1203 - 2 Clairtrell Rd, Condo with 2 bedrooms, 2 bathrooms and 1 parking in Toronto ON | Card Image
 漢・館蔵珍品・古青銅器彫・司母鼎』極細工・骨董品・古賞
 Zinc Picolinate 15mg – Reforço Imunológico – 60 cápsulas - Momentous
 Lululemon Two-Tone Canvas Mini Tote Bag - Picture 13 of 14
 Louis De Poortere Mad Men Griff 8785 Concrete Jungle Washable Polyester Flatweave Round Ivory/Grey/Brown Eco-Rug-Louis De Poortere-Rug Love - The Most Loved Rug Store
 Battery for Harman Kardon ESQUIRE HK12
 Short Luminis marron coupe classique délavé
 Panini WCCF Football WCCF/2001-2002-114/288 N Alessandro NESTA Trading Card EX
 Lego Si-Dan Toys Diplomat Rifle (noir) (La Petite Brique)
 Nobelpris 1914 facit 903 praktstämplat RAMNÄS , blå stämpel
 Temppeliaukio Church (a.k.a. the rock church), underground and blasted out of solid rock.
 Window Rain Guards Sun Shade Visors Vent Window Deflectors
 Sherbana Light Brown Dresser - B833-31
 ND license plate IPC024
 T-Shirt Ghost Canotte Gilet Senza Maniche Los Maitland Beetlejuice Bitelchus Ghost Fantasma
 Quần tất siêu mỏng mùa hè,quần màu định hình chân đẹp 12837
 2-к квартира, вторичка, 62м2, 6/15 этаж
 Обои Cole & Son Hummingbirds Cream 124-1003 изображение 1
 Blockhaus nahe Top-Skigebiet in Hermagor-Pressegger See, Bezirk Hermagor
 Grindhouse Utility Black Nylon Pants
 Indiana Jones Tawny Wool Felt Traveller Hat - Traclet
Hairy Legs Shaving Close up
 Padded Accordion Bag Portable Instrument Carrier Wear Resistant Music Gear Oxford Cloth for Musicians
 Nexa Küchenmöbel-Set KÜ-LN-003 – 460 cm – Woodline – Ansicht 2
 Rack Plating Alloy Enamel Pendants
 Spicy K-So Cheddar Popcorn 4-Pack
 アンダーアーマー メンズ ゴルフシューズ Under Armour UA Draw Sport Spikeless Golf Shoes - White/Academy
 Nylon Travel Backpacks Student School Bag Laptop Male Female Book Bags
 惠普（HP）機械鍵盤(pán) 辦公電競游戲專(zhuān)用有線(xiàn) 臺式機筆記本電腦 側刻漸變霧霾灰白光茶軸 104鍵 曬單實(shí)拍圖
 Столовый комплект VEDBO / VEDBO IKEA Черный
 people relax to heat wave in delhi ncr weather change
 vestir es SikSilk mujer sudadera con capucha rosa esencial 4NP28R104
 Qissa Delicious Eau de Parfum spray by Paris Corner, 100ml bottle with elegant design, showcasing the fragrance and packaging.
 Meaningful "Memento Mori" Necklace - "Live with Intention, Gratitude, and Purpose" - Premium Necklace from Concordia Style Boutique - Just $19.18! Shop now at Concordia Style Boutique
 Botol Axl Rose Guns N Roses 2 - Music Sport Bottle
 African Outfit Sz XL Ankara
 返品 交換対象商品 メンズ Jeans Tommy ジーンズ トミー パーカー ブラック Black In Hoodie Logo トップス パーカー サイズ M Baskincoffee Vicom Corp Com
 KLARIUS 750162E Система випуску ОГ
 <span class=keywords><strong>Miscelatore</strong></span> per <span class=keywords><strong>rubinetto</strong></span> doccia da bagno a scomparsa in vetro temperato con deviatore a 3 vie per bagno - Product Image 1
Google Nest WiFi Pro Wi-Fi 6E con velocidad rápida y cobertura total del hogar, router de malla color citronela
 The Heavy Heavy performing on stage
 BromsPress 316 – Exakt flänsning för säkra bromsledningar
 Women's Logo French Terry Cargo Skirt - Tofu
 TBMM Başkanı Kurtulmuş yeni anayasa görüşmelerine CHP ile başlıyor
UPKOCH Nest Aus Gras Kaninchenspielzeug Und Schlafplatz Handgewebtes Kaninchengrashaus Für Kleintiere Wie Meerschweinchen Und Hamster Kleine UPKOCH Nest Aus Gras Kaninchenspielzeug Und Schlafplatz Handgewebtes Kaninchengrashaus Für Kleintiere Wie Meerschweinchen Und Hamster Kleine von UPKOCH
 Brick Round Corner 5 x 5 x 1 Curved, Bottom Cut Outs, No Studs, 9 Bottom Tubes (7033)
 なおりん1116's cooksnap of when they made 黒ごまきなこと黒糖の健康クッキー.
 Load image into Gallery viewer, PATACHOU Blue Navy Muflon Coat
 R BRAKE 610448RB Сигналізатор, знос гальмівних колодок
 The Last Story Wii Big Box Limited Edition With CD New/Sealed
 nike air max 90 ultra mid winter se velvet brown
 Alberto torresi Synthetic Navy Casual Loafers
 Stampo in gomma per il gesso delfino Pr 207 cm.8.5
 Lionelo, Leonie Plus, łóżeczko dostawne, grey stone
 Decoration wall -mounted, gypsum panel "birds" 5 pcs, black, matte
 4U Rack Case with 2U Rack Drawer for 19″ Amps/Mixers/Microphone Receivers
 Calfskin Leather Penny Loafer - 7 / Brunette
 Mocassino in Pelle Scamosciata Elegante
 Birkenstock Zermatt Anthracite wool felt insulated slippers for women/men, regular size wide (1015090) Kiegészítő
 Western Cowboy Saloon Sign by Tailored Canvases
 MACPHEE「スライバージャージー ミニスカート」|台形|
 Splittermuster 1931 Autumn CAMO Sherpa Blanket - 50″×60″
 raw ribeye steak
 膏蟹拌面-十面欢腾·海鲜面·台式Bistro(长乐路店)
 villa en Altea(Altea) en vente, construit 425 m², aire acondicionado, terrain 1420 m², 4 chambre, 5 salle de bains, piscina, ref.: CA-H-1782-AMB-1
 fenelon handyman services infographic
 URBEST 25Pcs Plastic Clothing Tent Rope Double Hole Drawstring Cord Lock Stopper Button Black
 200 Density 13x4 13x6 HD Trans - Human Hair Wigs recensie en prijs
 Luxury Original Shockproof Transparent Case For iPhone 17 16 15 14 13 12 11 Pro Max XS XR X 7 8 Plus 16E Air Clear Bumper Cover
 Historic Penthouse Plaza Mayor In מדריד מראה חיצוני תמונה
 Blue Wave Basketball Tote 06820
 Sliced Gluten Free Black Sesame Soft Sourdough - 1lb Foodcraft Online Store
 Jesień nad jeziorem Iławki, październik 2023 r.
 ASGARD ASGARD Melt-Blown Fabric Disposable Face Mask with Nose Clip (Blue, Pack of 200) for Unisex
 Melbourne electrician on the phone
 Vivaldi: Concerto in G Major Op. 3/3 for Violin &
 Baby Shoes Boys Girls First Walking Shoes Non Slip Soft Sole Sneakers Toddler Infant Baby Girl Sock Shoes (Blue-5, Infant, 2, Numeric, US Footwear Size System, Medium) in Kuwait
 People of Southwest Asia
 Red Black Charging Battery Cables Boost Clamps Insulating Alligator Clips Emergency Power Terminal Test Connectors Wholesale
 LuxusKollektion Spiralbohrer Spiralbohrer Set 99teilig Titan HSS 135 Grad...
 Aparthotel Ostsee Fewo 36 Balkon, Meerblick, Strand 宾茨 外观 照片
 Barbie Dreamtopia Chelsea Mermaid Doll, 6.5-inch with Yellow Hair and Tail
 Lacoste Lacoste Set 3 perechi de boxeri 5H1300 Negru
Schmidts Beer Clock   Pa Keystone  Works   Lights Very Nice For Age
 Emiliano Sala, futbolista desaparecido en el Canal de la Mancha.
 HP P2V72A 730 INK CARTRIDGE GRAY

Action item:
From the listing above, copy all lines holding the word "Corner".

Solution below:
 Qissa Delicious Eau de Parfum spray by Paris Corner, 100ml bottle with elegant design, showcasing the fragrance and packaging.
 Brick Round Corner 5 x 5 x 1 Curved, Bottom Cut Outs, No Studs, 9 Bottom Tubes (7033)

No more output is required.